If ${a_1},{a_2},{a_3}, \ldots ,{a_r}$ are in GP, then prove that the determinant
$\left| {\begin{array}{llllllllllllllllllll}{{a_{r + 1}}}&{{a_{r + 5}}}&{{a_{r + 9}}}\\{{a_{r + 7}}}&{{a_{r + 11}}}&{{a_{r + 15}}}\\{{a_{r + 11}}}&{{a_{r + 17}}}&{{a_{r + 21}}}\end{array}} \right|$ is independent of $r$.
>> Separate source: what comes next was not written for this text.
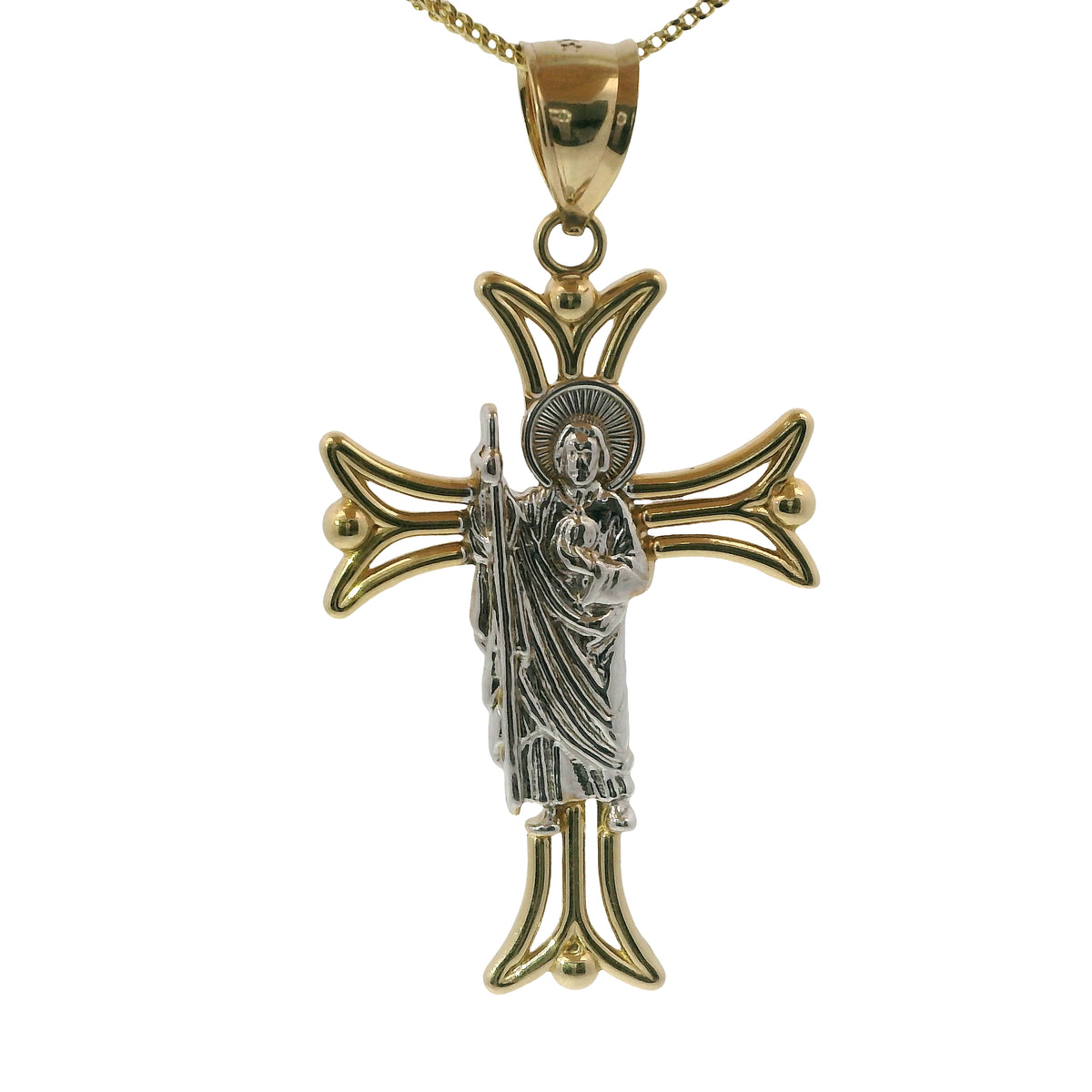 14KT Gold Charm Large Open Flare End Cross with Two Tone St Jude Center and Plain Bell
We know that, ${a_{r + 1}} = A{R^{(r + 1) - 1}} = A{R^r}$

where $r = r$ th term of a GP, $A =$

First term of a GP and $R =$ Common ratio of GP

We have, $\left| {\begin{array}{llllllllllllllllllll}{{a_{r + 1}}}&{{a_{r + 5}}}&{{a_{r + 9}}}\\{{a_{r + 7}}}&{{a_{r + 11}}}&{{a_{r + 15}}}\\{{a_{r + 11}}}&{{a_{r + 17}}}&{{a_{r + 21}}}\end{array}} \right|$

$= \left| {\begin{array}{cccccccccccccccccccc}{A{R^r}}&{A{R^{r + 4}}}&{A{R^{r + 8}}}\\{A{R^{r + 6}}}&{A{R^{r + 10}}}&{A{R^{r + 14}}}\\{A{R^{r + 10}}}&{A{R^{r + 16}}}&{A{R^{r + 20}}}\end{array}} \right|$
$= A{R^r} \cdot A{R^{r + 6}} \cdot A{R^{r + 10}}\left| {\begin{array}{cccccccccccccccccccc}1&{A{R^4}}&{A{R^8}}\\1&{A{R^4}}&{A{R^8}}\\1&{A{R^6}}&{A{R^{10}}}\end{array}} \right|$

[taking $A{R^r},A{R^{r + 6}}$ and $A{R^{r + 10}}$ common from ${R_1},{R_2}$ and ${R_3}$, respectively]
$= 0$

[since, ${R_1}$ and ${R_2}$ are identicals]